A political party in Trollhattan, near Goteborg, identified the woman as Marie Kide, 66, an elected member of the city council.
"It is with sorrow that I have received the message that another person died," Prime Minister Stefan Lofven said.
"The aim of this kind of attack is to spread terror and hatred," Lofven told Sweden's news agency TT. "We will do everything in our power so people can be safe in Sweden."
A 39-year-old Uzbek man, Rakhmat Akilov, has pleaded guilty to a terrorist crime for ramming the truck into a crowd on a busy pedestrian shopping street in the Swedish capital. Police have not disclosed a motive for the attack and no extremist group has claimed responsibility for it.
Akilov's Swedish residency application was rejected last year but police said there was nothing to indicate he might plan an attack. After the rejection, Akilov had been been ordered to leave Sweden in December. Instead, he allegedly went underground, eluding authorities' attempts to track him down.

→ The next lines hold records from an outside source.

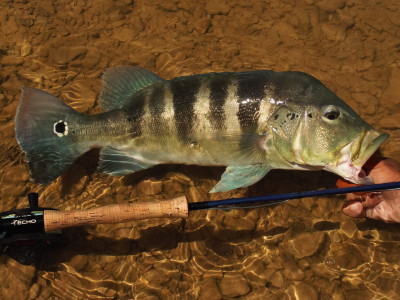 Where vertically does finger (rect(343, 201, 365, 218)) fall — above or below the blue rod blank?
below

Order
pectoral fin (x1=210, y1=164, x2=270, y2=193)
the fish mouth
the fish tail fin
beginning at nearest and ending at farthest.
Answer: the fish mouth
pectoral fin (x1=210, y1=164, x2=270, y2=193)
the fish tail fin

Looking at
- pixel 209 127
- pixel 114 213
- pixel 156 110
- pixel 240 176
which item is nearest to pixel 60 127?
pixel 156 110

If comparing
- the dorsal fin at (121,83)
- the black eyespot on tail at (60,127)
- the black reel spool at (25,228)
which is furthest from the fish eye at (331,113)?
the black reel spool at (25,228)

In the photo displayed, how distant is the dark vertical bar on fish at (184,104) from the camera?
11.0 feet

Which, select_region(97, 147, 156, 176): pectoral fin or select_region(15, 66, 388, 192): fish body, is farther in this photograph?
select_region(97, 147, 156, 176): pectoral fin

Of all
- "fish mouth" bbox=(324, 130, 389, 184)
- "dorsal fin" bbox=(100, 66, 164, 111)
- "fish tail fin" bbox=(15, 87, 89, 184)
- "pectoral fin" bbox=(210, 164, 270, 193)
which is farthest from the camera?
"dorsal fin" bbox=(100, 66, 164, 111)

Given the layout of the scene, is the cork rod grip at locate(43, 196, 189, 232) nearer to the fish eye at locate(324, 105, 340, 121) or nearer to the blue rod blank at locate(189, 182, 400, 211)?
the blue rod blank at locate(189, 182, 400, 211)

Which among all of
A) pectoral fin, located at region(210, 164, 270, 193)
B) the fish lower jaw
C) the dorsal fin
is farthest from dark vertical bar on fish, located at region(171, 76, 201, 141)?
the fish lower jaw

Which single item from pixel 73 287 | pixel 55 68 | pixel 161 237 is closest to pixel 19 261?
pixel 73 287

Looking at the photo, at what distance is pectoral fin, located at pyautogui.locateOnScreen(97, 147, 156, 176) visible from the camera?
11.8 ft

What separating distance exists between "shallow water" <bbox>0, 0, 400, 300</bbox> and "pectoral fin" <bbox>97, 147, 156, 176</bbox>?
1.55 feet

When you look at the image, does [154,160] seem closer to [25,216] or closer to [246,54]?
[25,216]

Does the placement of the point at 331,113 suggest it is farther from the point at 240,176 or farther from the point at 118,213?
the point at 118,213

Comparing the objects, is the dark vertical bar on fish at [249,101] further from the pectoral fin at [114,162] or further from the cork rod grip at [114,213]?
the pectoral fin at [114,162]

Akilov was caught in a northern suburb of Stockholm, hours after he drove the stolen beer truck into the crowd of afternoon shoppers outside the upmarket Ahlens store.
Others killed in the attack were an 11-year-old Swedish girl, a 31-year-old Belgian woman, a 69-year-old Swedish woman, and a 41-year-old Briton whom the British government identified as Chris Bevington. Fourteen other people were injured.
The attack shocked Sweden, known for its welcoming policy toward migrants and refugees.
In 2015, a record 163,000 asylum-seekers arrived in the country — the highest per-capita rate in Europe. The government responded by tightening border controls and curtailing some immigrant rights.